A mulher pegou não só o pacotinho de jujubas, mas também retirou gentilmente a
revista em quadrinhos das mãos do garoto, e disse:
“Posso te dar uma coisa?”, vendo que o garoto ficara sem
jeito, ela repetiu, com maior ênfase: “Posso te dar uma coisa? Eu quero te dar
essa revista em quadrinhos.”, os olhos do menino brilhavam de felicidade. “Você
gosta de ler?”, ela perguntou, mas não obteve resposta alguma, além de um aceno
positivo de cabeça.
“Você gosta mesmo
de ler?”, ela quis confirmar o que ela já tinha certeza. Mais uma vez, o garoto
assentiu. “Então me deixe te dar isso de presente.”, ela pediu, mas usando um
tom autoritário. Um "Não aceitarei recusas" estava presente nas entrelinhas desta autoridade amável.

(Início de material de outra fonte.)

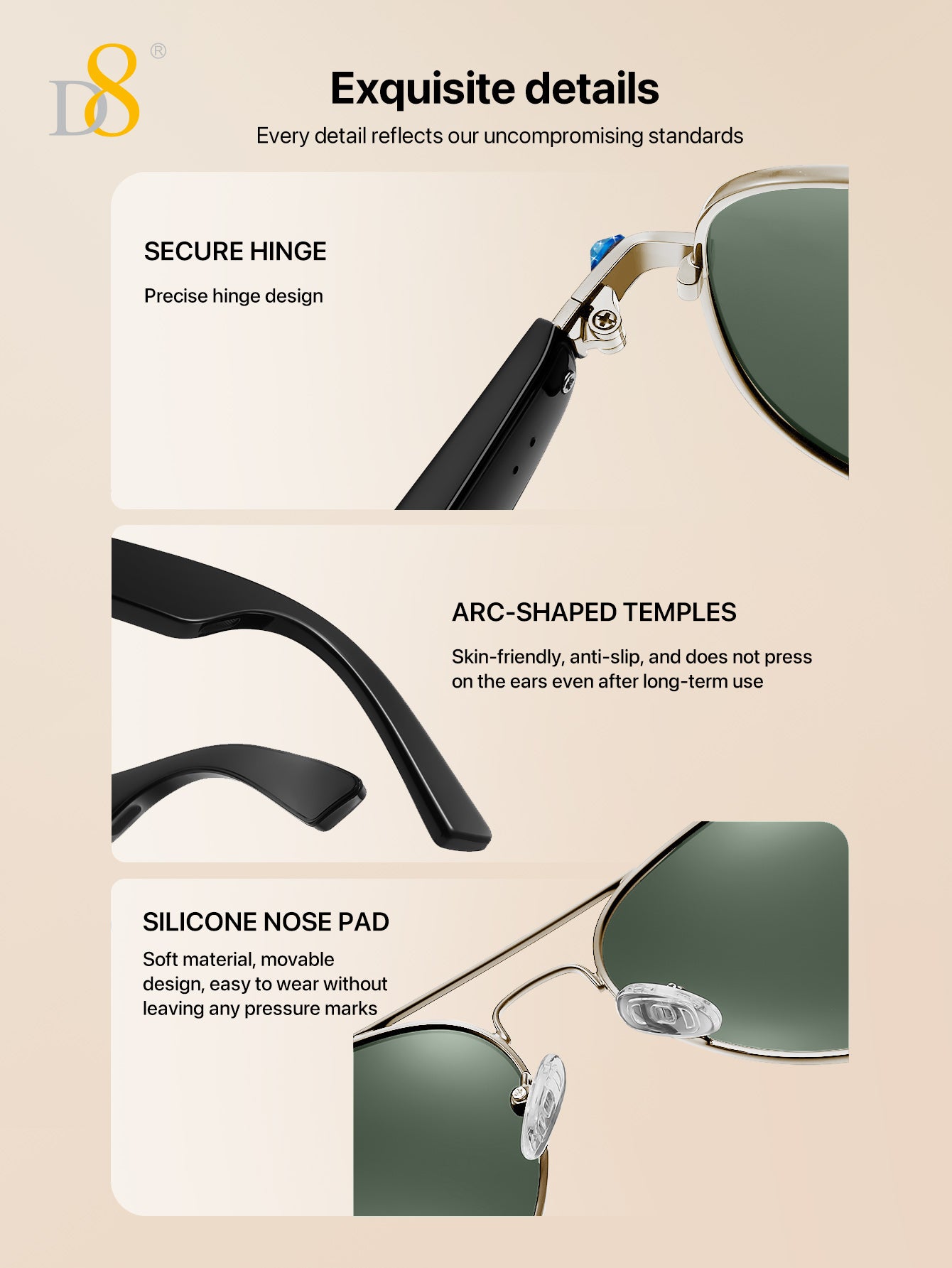 D8 Smart Bluetooth Glasses,Built-in Mic & Speakers,Smart Wireless Headphone Sunglasses for Men and Women,Athletic/Outdoor UV Protection and Voice Control,Unisex(Black)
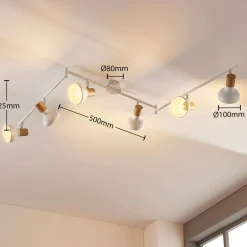 Lindby Fridolin loftspot, 160 cm, 6 lyskilder, hvid, metal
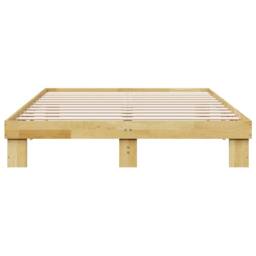 Berkfield Home Beautiful Bed Frame without Mattress 140x190 cm Solid Wood Oak in Brown - thumbnail 6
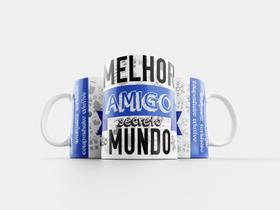 Caneca Xícara Personalizada Amizade Melhor Amigo Secreto Do Mundo Azul- MEGA OFERTA!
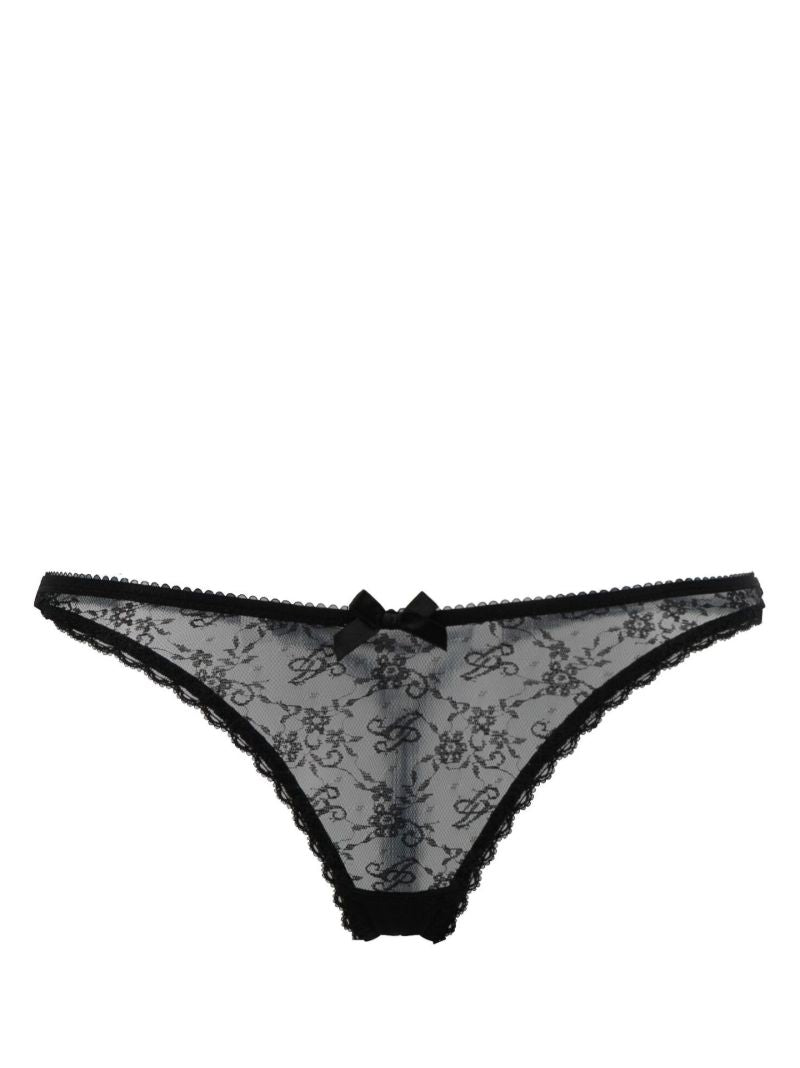 Black Malorey Lace Thong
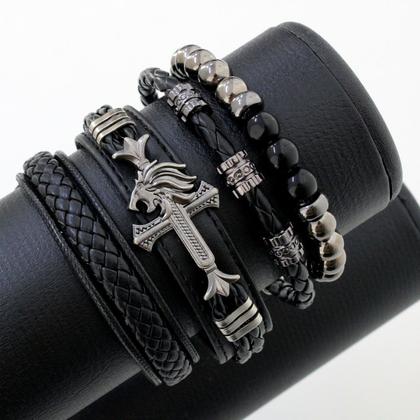 Imagem de KIT C/04 Pulseiras de Couro Ajustável Masculina Leão Grafite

Me afastei, e segui com meu caminho por entre as histórias
de Stephen King e Alexandre Dumas, na sessão de “Literatura estrangeira”.
Ora, o garoto não iria recusar... Eu não recusaria...! Talvez ele estivesse vendendo o pacotinho de
jujubas justamente para comprar a fatídica história em quadrinhos. Ou, talvez,
tenha passado um bom tempo juntando dinheiro para comprá-la, quem sabe? Só ele
sabe. Um preço que, para muitos parece pequeno, coisa ínfima, que gastamos com
um ingresso no cinema, ou até menos... Mas que, para aquele garoto em questão,
custava o preço de muito esforço e oferecia o mundo... Era com o preço daquela
HQ, que ele entraria num mundo novo, um mundo cuja porta é aberta assim que
abrimos o livro. Um mundo desprezado por muitos... O mundo das palavras.

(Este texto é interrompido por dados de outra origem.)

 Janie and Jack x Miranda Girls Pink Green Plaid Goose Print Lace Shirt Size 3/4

Aquela cena me deu esperança... Esperança de que todas as
pessoas que não tenham condições de comprar livros com tanta facilidade possam
encontrar pessoas assim. Pessoas que valorizam não só a leitura que elas
próprias fazem, mas também, a leitura que outras pessoas podem fazer, e as
experiências que as pessoas vão ter por meio da leitura, pessoas que podem proporcionar a outras o prazer da leitura. Não importa se era uma
HQ ou um livro de 600 páginas, o que importa é o interesse em ler, e o que
aquele garoto estava disposto a sacrificar para conseguir fazê-lo. Foi isso o que me comoveu e me deu esperança. Esperança e
gratidão por ter presenciado uma cena dessas. Esperança de fazer isso por
alguém um dia.
De certo modo, foi como ver uma cena de “A menina que roubava livros” na
vida real. E me senti orgulhosa e feliz por isso. E, a partir de agora, sempre
que pensar num exemplo de generosidade, é na senhora e no garoto em quem pensarei.
Nas duas pessoas cujos nomes não sei até agora, nem me esforcei para descobrir, os dois que me ensinaram uma lição, a lição de abrir mais o
coração para a generosidade. Porque a mente precisa de livros e histórias para
manter-se viva, assim como o corpo precisa de oxigênio.
Quando estava saindo da livraria, dei uma rápida olhadela
para o caixa, e lá estavam a senhora, o marido e o garoto, conversando sobre
algo que eu já não podia mais ouvir. Em seu rosto, ela mantinha um sorriso
terno, algo parecido com orgulho por encontrar alguém que ame tanto a leitura
que estava disposto a sacrificar o pouco dinheiro que ganhara com muito suor,
só para poder ler. E o garoto? Ah, o garoto tinha um sorriso radiante nos lábios, não sei se por felicidade de poder guardar seu dinheiro para outra coisa, talvez ajudar sua família, ou só pela felicidade pura que nos atinge quando finalmente conseguimos algo que desejamos muito, ou pelas portas que irão ser abertas para ele quando ele sentar para ler a história. Na verdade, acredito que seja uma mistura de todos esses fatores.
Nunca a felicidade de alguém havia me deixado tão feliz como a daquele garoto.
Deixei a livraria com os olhos levemente marejados, um
sorriso no rosto, um pouco mais de fé na generosidade humana, e o coração
aquecido pela cena que tanto me tocara.